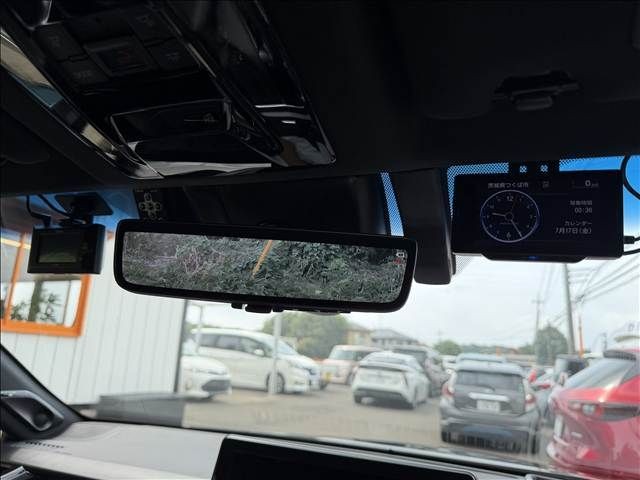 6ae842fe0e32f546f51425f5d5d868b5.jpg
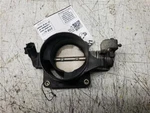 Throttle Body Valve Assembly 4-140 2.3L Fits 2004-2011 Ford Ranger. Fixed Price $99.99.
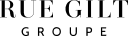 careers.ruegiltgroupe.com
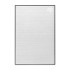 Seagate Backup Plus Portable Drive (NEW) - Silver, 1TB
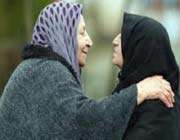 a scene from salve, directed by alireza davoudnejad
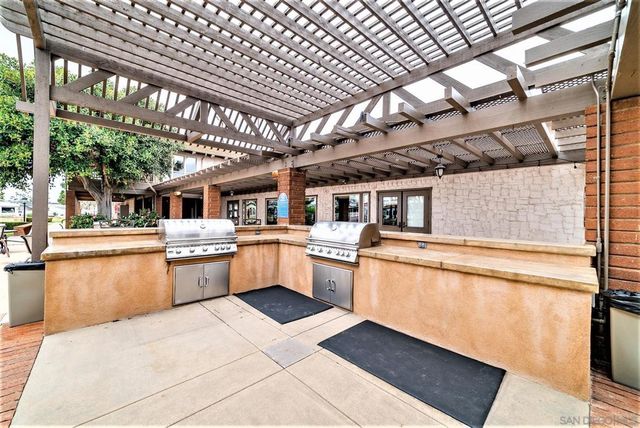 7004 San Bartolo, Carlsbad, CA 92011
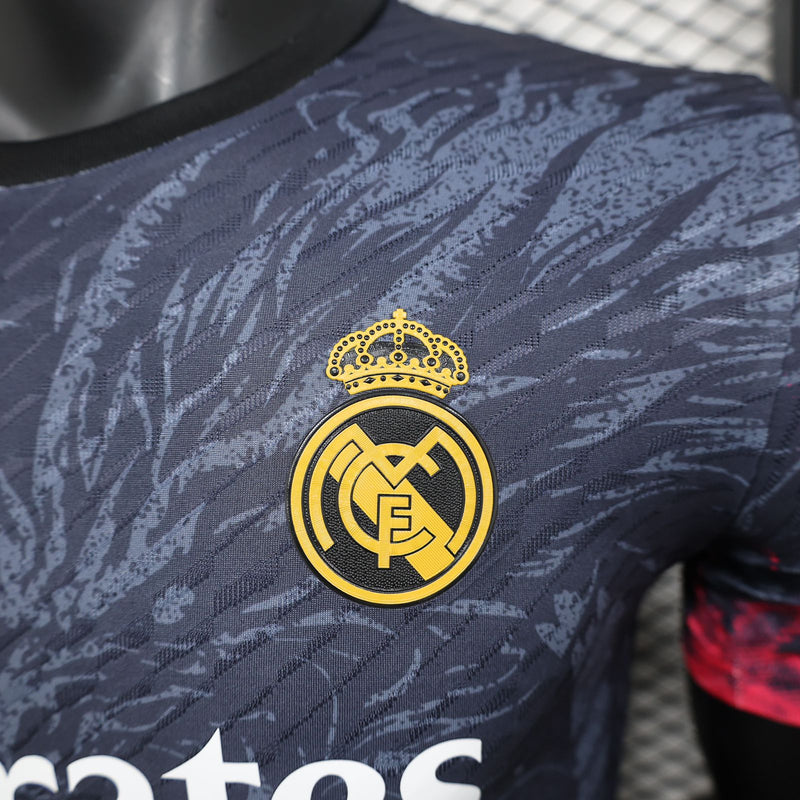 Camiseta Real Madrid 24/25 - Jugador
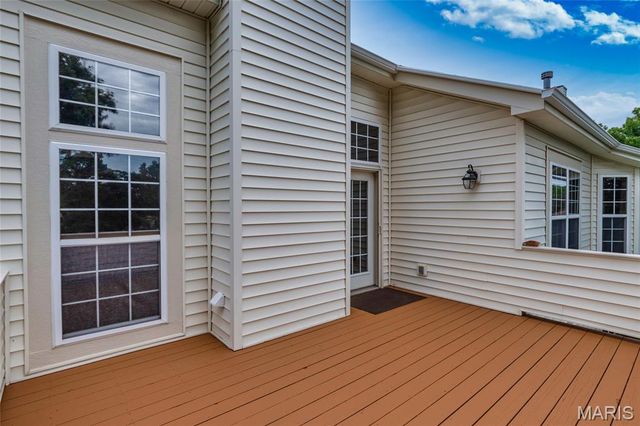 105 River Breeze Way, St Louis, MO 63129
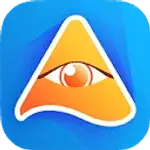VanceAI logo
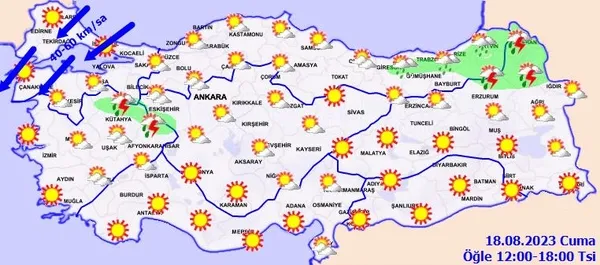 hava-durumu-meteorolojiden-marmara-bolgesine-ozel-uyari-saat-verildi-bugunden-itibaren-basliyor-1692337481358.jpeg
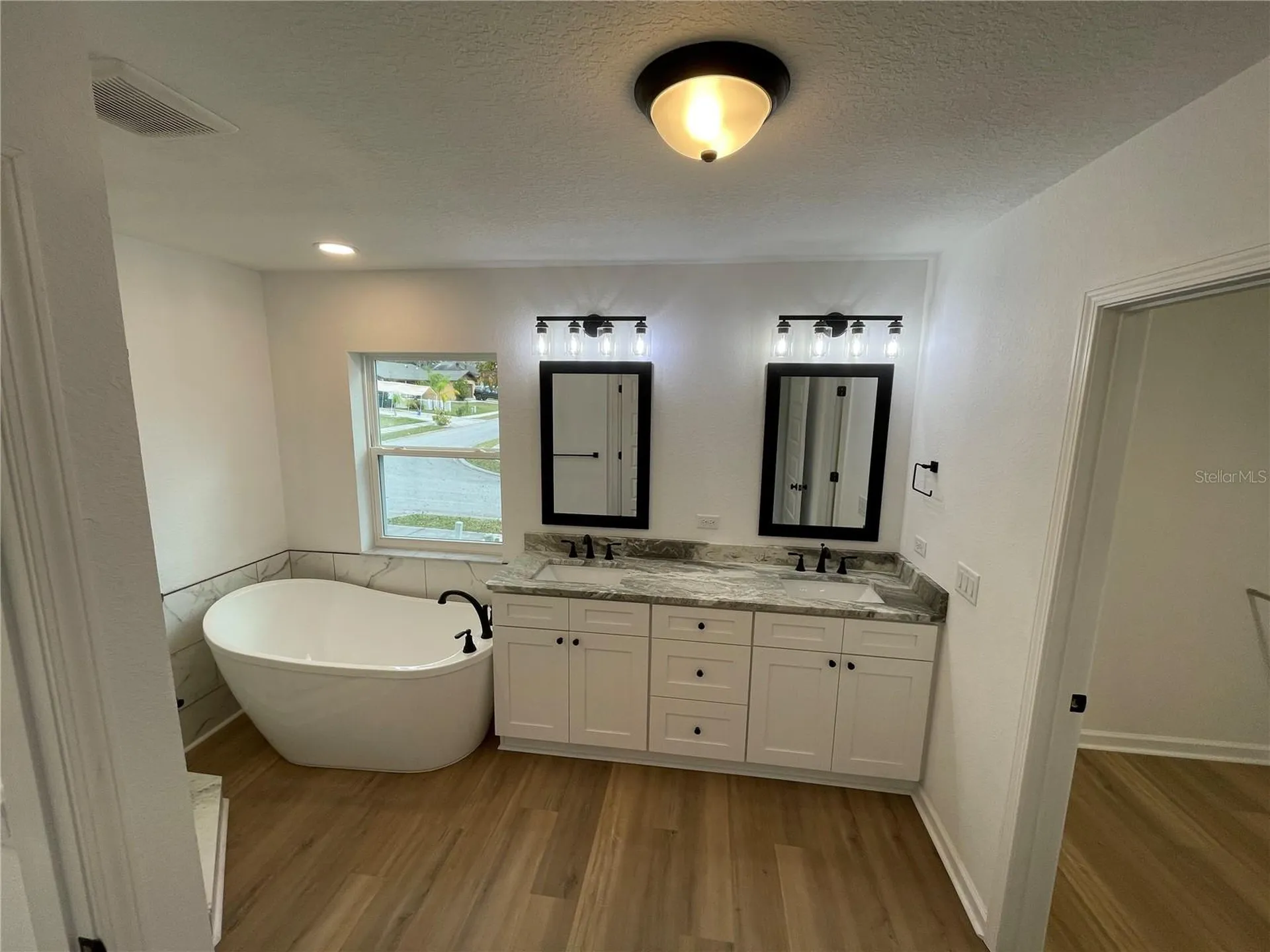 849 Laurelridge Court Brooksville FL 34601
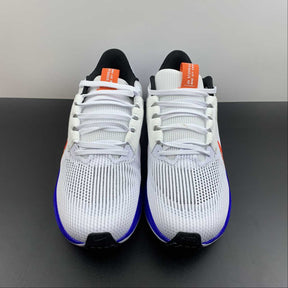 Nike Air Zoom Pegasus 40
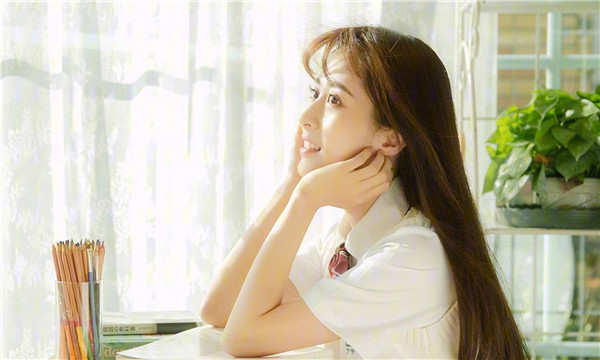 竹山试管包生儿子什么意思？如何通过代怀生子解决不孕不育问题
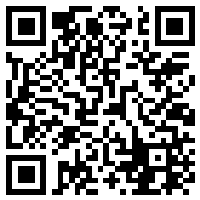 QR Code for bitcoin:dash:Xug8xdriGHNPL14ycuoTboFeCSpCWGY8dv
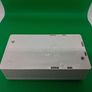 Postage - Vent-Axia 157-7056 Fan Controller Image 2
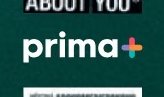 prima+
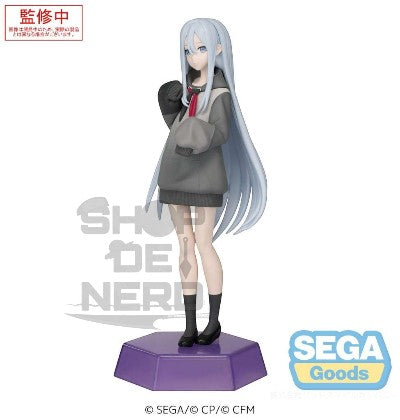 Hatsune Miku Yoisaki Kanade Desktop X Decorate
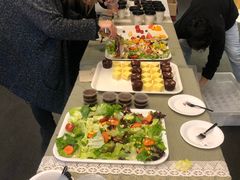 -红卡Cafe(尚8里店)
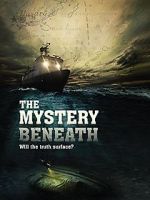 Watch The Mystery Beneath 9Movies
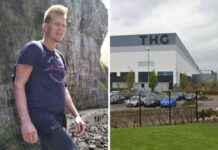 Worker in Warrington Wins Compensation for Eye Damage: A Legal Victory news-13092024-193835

· · ·

_Exercise brief:_ Keep the pictures out of your answer, which should be the lines from the one with "-红卡Cafe(尚8里店)" through the final line of the data, copied exactly.

_Answer to the problem:_
 -红卡Cafe(尚8里店)
 Watch The Mystery Beneath 9Movies
 Worker in Warrington Wins Compensation for Eye Damage: A Legal Victory news-13092024-193835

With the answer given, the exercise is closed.